Unless otherwise provided for in its articles of incorporation, a corporation has perpetual existence. Even after the death or withdrawal of shareholder, the corporation, as a separate entity, will continue to exist. A corporation is generally known for its free transferability of interests. Generally any shareholder may donate or sell portion of shares absent by any agreement among the shareholders to the contrary. The formalities of incorporation as well as the cost of qualifying in each state in which a corporation intends to do business are disadvantages of using a corporation.
Generally the shareholders of a corporation will not be held personally liable for the corporation's debts or liabilities and shareholder's losses are generally limited to thier individual investment in the corporations stock.

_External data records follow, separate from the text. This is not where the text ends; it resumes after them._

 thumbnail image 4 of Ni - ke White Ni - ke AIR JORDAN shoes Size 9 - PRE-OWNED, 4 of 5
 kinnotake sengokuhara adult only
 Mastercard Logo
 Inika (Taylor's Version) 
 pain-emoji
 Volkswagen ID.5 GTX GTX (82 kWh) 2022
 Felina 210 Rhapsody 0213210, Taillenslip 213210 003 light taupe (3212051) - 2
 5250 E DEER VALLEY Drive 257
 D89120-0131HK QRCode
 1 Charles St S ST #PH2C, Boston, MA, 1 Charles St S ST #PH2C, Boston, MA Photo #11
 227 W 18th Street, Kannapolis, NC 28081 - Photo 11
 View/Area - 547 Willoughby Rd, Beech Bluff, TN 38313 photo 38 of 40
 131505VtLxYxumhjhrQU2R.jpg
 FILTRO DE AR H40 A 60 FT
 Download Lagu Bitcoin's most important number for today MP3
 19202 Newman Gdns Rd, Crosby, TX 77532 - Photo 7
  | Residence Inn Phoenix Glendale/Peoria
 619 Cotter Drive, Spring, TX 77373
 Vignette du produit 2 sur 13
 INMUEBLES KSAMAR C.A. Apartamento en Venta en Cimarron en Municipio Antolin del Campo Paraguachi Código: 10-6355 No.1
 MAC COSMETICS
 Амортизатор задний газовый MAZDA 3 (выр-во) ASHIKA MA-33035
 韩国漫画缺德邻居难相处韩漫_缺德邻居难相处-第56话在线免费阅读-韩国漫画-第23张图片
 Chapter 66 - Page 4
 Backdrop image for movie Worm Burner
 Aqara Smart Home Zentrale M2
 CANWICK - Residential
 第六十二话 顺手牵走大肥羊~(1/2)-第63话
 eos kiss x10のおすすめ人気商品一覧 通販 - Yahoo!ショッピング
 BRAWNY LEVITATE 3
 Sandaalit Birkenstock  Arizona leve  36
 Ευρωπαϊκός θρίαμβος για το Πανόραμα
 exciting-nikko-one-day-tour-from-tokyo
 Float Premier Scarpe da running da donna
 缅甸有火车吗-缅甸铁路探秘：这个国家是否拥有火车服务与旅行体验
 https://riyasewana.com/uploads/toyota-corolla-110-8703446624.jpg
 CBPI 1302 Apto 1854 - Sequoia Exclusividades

Individuals who purport to act for a corporation while knowing that no corporation exists, are jointly and severally liable and of course the shareholders of a small or emerging corporation may be required to personally guarenteefinancing or other obligations endered into between the corporation and a bank or other creditor. A shareholder may also be liable to third parties.
Management is separate from corporate ownership. A corporation is an artificial entity, which can only act through its agents. A corporation has centralized management through its board of directors, which in turn, elects the officers who run the day to day business operations. Although directors are not involved in the day to day management they may be liable to shareholders or creditors based upon a breach of fiduciary duty.
There are more formalites involved in the operation of a corporation as opposed to the operation of other business entities and the corporation is governed by its articles of incorporation and bylaws. The corporation must also hold annual meetings of its shareholders and directors, keep accurate records and minutes, file extra tax forms, and register in other states where it intends to do business. All corporations must continuously maintain a registered agent and registered office within its state of operation. If a corporation fails to properly adhere to corporate formalities, liabilites may result as a consequence.
There are several types of investment vehicles available to a corporation, thereby making the corporation the most flexible structure for obatianing capital. Common stock and preferred stock are most fequently issued as equity instruments. In addition, a corporation may issue bonds or other debt instruments which may be convertible into equity at a later date as an added inducement for purchasers of such securities. However a corporation must be careful not to issue to much debt in relation to its stock, or the corporation will be thinly capitalized. If the corporation is too thinly capitalized, the debt may be deemed equity for non-tax purposes. The IRS may recast the debt as equity for tax purposes and thereby create potentially adverse tax consequences.